§ Data entries:
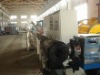 cooling trough for extruder line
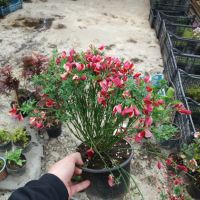 Цитизус - Налични 5 цвята , снимка 3 - Градински цветя и растения - 40810443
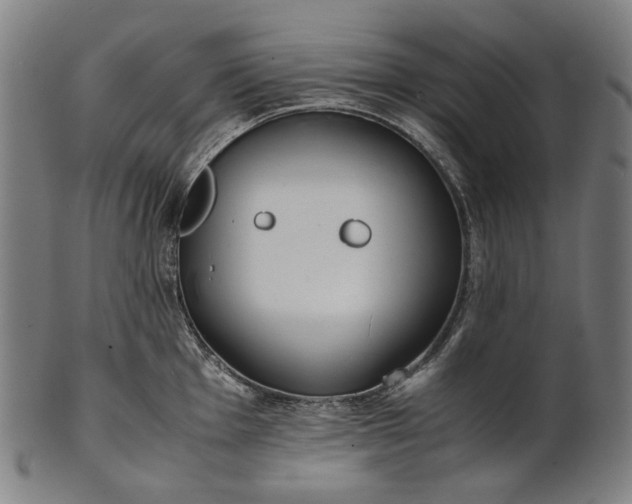 X0000101221001200807111052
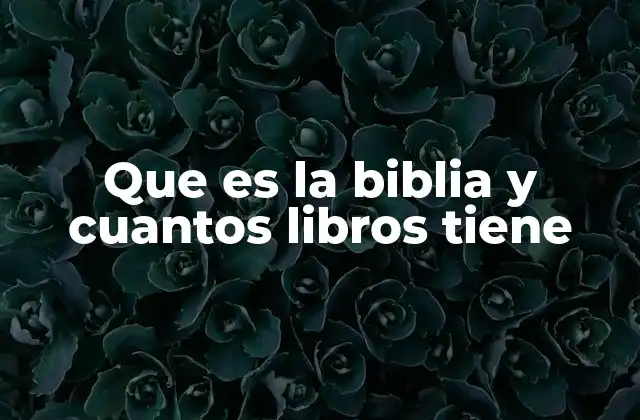Que es la Biblia y Cuantos Libros Tiene 2 La importancia histórica y espiritual de la Biblia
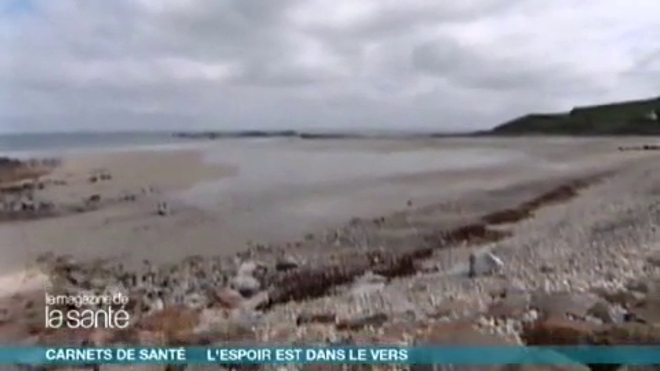 Un ver marin aux vertus miraculeuses - Reportage réalisé en 2009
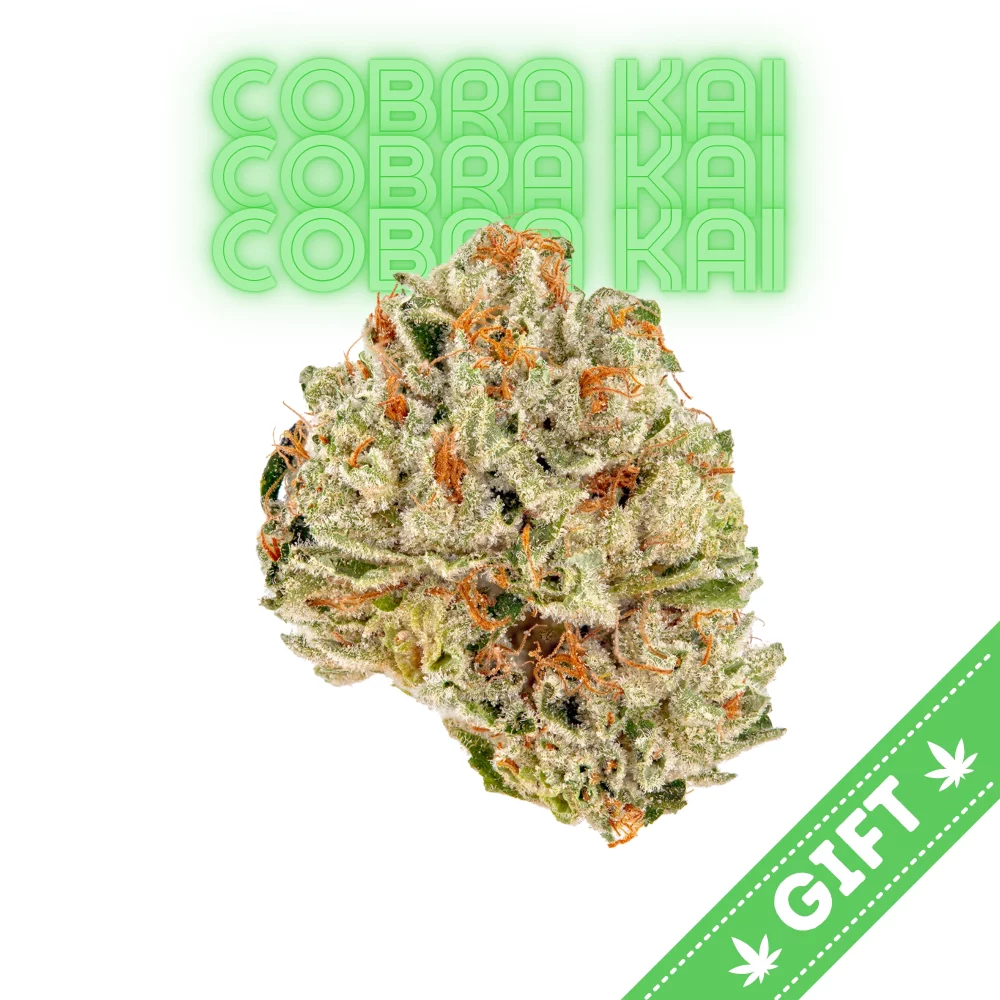 cobra-kai-cannabis-strain-in-dc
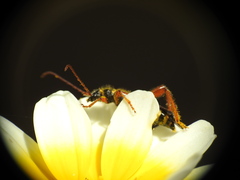 Stenopterus mauritanicus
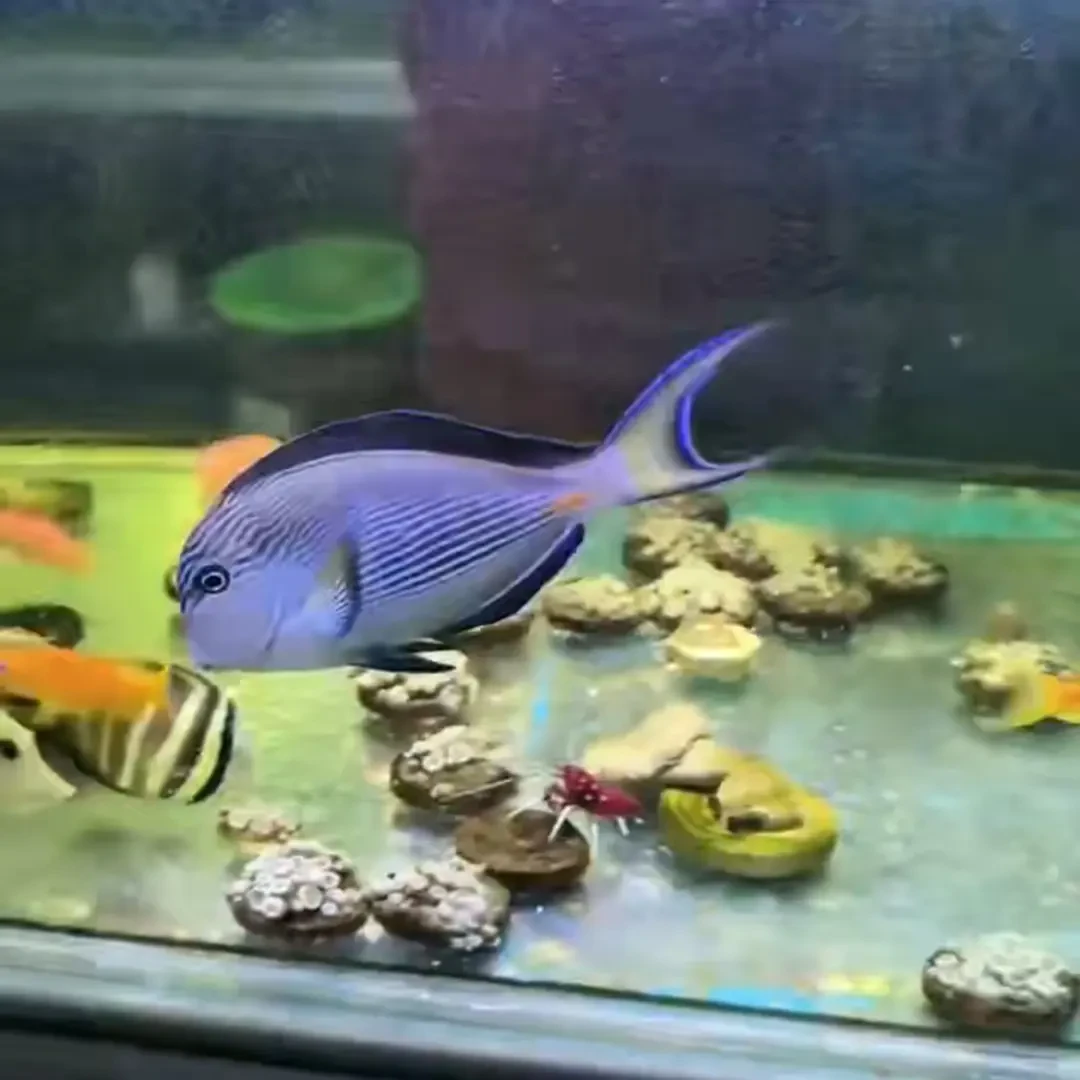 海水鱼，骑士，报损不包邮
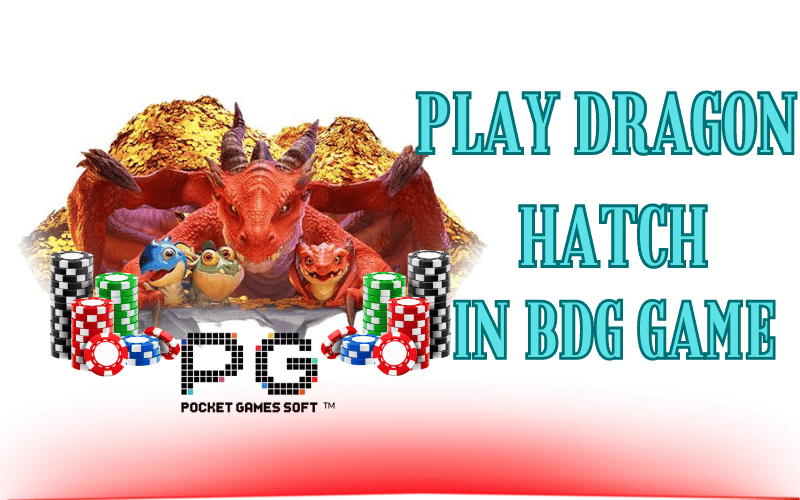 dragon hatch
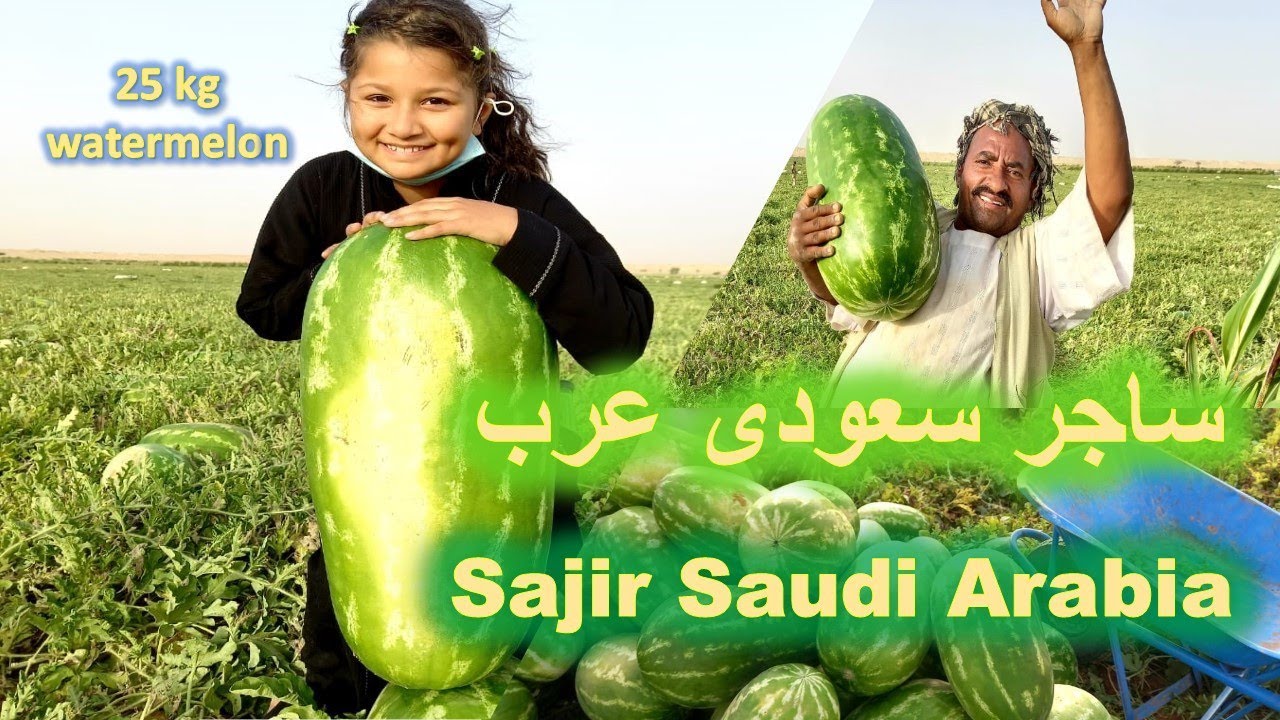 Watermelon Saudi Arabia Sajir البطيخ السعودية ساجر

§ EXERCISE DESCRIPTION: Both ends included, copy word for word the lines from the top of the entries above through the line with "Un ver marin". No pictures.

§ ANSWER SECTION:
 cooling trough for extruder line
 Цитизус - Налични 5 цвята , снимка 3 - Градински цветя и растения - 40810443
 X0000101221001200807111052
Que es la Biblia y Cuantos Libros Tiene 2 La importancia histórica y espiritual de la Biblia
 Un ver marin aux vertus miraculeuses - Reportage réalisé en 2009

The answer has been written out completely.